* _Activity_
Give again the lines of the data from its first line through the line with "9, OAK CRESCENT, BOURNE, PE10". Change nothing.

***** Available data *****

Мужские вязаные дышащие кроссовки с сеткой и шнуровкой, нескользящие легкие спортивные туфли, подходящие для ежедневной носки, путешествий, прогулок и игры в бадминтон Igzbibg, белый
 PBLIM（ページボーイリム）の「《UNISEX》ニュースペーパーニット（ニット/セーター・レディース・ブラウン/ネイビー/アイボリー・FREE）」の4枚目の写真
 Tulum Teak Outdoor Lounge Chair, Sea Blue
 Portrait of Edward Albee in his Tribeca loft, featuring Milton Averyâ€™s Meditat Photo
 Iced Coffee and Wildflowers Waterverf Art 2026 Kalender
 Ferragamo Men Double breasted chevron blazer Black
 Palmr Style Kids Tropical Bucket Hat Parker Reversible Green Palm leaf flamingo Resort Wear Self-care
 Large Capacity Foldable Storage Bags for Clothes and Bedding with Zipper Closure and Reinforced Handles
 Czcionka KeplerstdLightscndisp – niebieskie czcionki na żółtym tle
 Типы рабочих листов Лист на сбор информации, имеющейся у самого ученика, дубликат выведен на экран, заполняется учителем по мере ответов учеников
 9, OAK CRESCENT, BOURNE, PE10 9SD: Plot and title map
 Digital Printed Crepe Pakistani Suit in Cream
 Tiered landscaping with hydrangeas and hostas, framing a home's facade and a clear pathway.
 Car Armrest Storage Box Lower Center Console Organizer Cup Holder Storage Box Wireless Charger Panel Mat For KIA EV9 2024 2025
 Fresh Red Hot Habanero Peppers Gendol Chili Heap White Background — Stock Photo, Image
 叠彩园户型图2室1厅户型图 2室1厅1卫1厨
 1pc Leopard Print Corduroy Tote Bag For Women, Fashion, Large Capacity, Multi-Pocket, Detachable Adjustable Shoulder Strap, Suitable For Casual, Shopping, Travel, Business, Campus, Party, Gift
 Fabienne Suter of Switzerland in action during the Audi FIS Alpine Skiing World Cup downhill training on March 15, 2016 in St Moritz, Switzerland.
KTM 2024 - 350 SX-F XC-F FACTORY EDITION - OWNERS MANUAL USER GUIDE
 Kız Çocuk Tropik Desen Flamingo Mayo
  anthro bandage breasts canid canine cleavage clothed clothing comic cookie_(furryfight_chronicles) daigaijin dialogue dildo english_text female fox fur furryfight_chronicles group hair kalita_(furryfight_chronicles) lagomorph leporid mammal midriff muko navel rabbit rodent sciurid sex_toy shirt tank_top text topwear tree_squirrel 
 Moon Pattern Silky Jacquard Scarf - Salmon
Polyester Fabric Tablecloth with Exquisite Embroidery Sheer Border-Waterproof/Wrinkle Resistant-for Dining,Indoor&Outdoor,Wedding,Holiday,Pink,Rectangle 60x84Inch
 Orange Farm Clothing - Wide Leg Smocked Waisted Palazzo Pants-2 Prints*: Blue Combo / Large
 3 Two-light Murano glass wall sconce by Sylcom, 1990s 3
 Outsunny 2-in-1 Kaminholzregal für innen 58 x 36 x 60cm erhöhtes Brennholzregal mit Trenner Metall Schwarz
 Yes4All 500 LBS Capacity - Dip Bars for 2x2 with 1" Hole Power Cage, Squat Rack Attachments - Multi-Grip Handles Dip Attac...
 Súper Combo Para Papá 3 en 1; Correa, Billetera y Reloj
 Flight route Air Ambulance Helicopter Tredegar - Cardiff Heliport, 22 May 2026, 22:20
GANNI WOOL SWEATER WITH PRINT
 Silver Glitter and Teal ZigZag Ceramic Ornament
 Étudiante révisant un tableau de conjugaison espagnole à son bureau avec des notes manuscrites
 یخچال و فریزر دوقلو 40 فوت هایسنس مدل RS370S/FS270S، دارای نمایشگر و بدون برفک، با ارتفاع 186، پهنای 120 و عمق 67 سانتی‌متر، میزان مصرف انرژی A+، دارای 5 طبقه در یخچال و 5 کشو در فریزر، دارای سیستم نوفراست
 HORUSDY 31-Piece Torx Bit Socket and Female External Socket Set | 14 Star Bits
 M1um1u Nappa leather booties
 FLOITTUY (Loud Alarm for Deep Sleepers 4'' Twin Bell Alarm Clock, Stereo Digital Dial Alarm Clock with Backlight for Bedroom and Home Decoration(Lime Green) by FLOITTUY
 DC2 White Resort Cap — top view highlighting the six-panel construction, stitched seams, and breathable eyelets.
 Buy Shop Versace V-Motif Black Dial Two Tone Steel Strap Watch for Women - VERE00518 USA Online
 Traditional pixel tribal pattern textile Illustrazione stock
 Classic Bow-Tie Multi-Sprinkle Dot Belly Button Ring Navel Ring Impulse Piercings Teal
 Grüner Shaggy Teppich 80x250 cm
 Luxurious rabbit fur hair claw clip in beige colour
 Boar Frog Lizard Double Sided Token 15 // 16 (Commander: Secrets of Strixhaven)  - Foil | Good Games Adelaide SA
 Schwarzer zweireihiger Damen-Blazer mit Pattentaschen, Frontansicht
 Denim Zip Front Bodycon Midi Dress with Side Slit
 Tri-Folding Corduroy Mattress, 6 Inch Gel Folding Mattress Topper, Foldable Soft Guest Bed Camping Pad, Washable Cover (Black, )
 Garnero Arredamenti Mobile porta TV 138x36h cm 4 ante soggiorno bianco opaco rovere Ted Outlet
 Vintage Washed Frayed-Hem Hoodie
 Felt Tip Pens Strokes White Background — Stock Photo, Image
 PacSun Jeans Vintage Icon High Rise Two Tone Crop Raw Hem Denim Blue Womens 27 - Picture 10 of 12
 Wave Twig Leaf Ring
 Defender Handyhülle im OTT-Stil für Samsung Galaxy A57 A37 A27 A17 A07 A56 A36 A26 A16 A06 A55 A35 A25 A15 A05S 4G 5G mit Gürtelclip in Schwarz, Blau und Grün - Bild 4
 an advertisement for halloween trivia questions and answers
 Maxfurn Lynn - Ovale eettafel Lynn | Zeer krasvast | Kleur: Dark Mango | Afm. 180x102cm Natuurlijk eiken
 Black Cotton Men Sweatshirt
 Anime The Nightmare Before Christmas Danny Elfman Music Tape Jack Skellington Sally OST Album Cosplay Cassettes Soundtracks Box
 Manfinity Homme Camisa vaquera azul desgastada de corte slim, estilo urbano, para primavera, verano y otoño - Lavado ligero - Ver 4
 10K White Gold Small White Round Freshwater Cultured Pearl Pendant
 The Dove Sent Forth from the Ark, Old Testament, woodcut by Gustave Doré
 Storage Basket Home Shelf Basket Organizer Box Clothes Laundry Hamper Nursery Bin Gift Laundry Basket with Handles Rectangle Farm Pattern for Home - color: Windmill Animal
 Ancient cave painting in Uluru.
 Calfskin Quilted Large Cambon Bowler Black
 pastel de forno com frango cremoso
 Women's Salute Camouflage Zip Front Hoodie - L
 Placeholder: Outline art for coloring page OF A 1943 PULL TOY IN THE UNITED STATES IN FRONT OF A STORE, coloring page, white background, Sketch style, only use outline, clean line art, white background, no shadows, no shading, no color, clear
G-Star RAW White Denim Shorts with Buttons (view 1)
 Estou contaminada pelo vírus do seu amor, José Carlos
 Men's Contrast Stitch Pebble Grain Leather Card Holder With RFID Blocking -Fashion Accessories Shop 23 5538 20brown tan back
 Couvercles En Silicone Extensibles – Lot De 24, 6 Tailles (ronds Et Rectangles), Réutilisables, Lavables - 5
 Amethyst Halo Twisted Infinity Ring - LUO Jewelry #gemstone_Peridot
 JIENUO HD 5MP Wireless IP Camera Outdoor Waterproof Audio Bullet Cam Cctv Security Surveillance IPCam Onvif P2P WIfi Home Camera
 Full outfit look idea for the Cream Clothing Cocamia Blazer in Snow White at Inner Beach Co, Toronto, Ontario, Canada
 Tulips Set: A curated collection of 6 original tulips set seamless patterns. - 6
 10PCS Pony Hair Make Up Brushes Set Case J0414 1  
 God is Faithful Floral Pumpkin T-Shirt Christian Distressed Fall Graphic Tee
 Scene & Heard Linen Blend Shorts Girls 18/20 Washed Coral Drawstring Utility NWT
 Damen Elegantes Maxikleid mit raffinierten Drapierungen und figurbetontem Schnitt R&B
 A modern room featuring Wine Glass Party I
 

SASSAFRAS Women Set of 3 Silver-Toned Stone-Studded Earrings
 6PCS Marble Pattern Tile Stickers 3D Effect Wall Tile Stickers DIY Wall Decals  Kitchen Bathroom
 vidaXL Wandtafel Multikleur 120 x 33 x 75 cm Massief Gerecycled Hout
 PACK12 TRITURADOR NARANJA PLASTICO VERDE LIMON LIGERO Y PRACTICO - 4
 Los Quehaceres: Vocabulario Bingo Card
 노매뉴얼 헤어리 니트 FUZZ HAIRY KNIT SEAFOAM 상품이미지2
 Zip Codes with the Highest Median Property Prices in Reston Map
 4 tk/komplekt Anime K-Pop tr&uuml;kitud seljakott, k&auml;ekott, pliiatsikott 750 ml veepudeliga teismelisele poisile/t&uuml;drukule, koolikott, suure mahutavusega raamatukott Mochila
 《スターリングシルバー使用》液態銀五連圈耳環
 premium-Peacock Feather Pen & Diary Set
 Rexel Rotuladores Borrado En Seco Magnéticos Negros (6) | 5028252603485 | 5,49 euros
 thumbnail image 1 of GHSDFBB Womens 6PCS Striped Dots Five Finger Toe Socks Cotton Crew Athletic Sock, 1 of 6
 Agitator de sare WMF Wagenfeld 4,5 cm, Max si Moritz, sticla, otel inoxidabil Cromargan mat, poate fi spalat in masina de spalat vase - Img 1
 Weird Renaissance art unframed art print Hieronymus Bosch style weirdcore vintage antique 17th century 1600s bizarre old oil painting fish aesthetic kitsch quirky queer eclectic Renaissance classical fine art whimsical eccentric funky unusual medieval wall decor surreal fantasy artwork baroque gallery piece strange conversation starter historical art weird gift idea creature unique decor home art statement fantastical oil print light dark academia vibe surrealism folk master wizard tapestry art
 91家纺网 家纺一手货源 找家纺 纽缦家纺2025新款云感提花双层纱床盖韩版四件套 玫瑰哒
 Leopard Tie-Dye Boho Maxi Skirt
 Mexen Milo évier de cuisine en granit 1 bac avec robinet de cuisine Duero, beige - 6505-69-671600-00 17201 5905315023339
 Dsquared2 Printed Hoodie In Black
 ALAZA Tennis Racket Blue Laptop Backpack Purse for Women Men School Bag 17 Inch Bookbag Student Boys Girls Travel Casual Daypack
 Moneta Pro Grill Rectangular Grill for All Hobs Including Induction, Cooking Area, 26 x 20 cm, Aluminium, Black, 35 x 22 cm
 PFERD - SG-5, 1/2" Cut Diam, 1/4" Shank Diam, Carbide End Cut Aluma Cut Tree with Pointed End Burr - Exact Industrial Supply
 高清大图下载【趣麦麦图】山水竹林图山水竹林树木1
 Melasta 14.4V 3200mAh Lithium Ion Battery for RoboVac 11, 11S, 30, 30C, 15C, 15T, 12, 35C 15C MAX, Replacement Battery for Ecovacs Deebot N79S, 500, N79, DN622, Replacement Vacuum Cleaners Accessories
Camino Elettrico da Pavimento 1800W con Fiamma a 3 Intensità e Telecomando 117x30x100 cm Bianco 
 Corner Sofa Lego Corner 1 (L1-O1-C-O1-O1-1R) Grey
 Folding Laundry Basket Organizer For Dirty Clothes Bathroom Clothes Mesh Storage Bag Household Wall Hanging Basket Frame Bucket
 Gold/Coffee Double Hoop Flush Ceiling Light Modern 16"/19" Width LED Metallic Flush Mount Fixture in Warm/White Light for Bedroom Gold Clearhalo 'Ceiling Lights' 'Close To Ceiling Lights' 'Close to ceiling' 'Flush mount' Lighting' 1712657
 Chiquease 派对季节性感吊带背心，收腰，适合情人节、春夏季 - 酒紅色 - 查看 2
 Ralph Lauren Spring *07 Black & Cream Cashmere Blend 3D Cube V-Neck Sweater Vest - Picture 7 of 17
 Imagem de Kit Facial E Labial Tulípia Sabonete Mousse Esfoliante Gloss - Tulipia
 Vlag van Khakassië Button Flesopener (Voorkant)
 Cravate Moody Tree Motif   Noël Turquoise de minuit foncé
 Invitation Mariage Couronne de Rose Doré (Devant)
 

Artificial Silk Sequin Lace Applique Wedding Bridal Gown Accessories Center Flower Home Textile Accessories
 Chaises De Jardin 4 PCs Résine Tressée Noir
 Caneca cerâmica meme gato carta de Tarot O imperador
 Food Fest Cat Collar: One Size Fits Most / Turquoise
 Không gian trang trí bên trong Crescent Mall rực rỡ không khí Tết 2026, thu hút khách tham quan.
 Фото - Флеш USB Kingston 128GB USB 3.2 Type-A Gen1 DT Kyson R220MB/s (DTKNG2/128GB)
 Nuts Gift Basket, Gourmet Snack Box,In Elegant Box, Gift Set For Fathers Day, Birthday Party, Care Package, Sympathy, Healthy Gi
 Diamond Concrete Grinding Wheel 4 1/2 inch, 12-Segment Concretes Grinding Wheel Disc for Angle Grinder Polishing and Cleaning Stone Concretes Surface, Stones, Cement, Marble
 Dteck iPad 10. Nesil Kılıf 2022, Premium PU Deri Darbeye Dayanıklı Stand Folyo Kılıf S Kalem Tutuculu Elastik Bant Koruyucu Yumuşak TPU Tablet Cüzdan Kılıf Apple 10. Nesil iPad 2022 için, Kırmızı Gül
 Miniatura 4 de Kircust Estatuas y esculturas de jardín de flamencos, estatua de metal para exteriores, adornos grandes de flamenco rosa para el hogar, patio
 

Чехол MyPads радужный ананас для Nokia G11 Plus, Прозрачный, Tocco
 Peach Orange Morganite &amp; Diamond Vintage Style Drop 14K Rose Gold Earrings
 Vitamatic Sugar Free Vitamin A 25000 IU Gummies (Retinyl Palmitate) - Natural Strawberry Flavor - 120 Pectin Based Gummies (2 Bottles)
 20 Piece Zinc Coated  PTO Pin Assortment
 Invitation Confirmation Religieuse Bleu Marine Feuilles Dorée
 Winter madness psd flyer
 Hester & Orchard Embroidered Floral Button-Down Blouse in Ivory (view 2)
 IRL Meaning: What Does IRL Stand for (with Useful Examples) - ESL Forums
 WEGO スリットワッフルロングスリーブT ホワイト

*****

* _Result for this exercise_
Мужские вязаные дышащие кроссовки с сеткой и шнуровкой, нескользящие легкие спортивные туфли, подходящие для ежедневной носки, путешествий, прогулок и игры в бадминтон Igzbibg, белый
 PBLIM（ページボーイリム）の「《UNISEX》ニュースペーパーニット（ニット/セーター・レディース・ブラウン/ネイビー/アイボリー・FREE）」の4枚目の写真
 Tulum Teak Outdoor Lounge Chair, Sea Blue
 Portrait of Edward Albee in his Tribeca loft, featuring Milton Averyâ€™s Meditat Photo
 Iced Coffee and Wildflowers Waterverf Art 2026 Kalender
 Ferragamo Men Double breasted chevron blazer Black
 Palmr Style Kids Tropical Bucket Hat Parker Reversible Green Palm leaf flamingo Resort Wear Self-care
 Large Capacity Foldable Storage Bags for Clothes and Bedding with Zipper Closure and Reinforced Handles
 Czcionka KeplerstdLightscndisp – niebieskie czcionki na żółtym tle
 Типы рабочих листов Лист на сбор информации, имеющейся у самого ученика, дубликат выведен на экран, заполняется учителем по мере ответов учеников
 9, OAK CRESCENT, BOURNE, PE10 9SD: Plot and title map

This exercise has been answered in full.